Loads the predictive query associated with an existing training job.
training_job_id
str
required
The training job ID.
Returns PredictiveQuery

TrainingTableGenerationPlan

Configuration for training table generation. Specifies time windows, train/validation/test splits, and other generation parameters. Obtain a recommended plan via PredictiveQuery.suggest_training_table_plan().

PredictionTableGenerationPlan

Configuration for prediction table generation. Specifies the anchor time and other parameters. Obtain a recommended plan via PredictiveQuery.suggest_prediction_table_plan().

Training Table

TrainingTable

A training dataset generated from a PredictiveQuery. Can be initialized from the job ID of a completed training table generation job.
train_table = pq.generate_training_table(plan=plan)
df = train_table.data_df()
job_id
GenerateTrainTableJobID
required
The ID of the completed training table generation job.

data_df()

Returns pd.DataFrame — The generated training data.

data_urls()

Returns List[str] — Download URLs for the training table data.

export()

Exports the training table to an external connector.
output_config
TrainingTableExportConfig
required
The output destination configuration.
non_blocking
bool
default:"True"
If True, returns an ArtifactExportJob immediately.
Returns Union[ArtifactExportJob, ArtifactExportResult]

TrainingTableJob

Represents an ongoing training table generation job.

result()

Blocks until complete and returns the TrainingTable.

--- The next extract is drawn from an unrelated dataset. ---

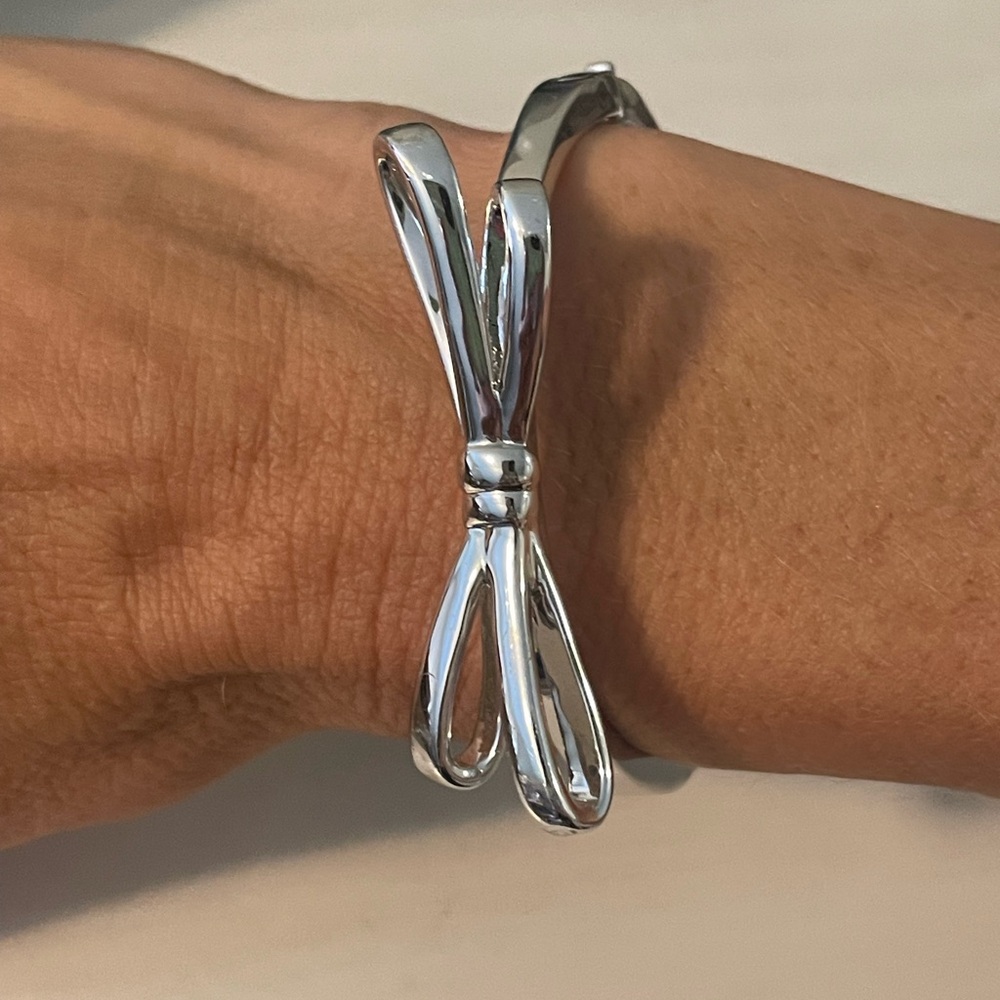Kate Spade Bow Bracelet ♠️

Returns TrainingTable

status()

Returns JobStatusReport — Current job status.

cancel()

Cancels the training table generation job.

Prediction Table

PredictionTable

A prediction dataset generated from a PredictiveQuery. Can be initialized from a job ID or a custom data path on supported object storage.
pred_table = pq.generate_prediction_table(plan=plan)
df = pred_table.data_df()
job_id
GeneratePredictionTableJobID
default:"None"
The ID of the completed prediction table generation job. Leave None when using table_data_path.
table_data_path
str
default:"None"
Path to custom prediction table data on S3 (s3://...) or a Databricks UC Volume (dbfs:/Volumes/...). Leave None when using job_id.

anchor_time property

Returns Optional[datetime] — The anchor time for the generated prediction table, or None for custom-specified data.

data_df()

Returns pd.DataFrame — The prediction table data.

data_urls()

Returns List[str] — Download URLs for the prediction table data.

PredictionTableJob

Represents an ongoing prediction table generation job.

id property

Returns GeneratePredictionTableJobID — The unique job ID.

result()

Blocks until complete and returns the PredictionTable. Returns PredictionTable

status()

Returns JobStatusReport

cancel()

Cancels the prediction table generation job.

future()

Returns Future[PredictionTable] — The underlying future object.

load_config()

Returns GeneratePredictionTableRequest — The full configuration for this job.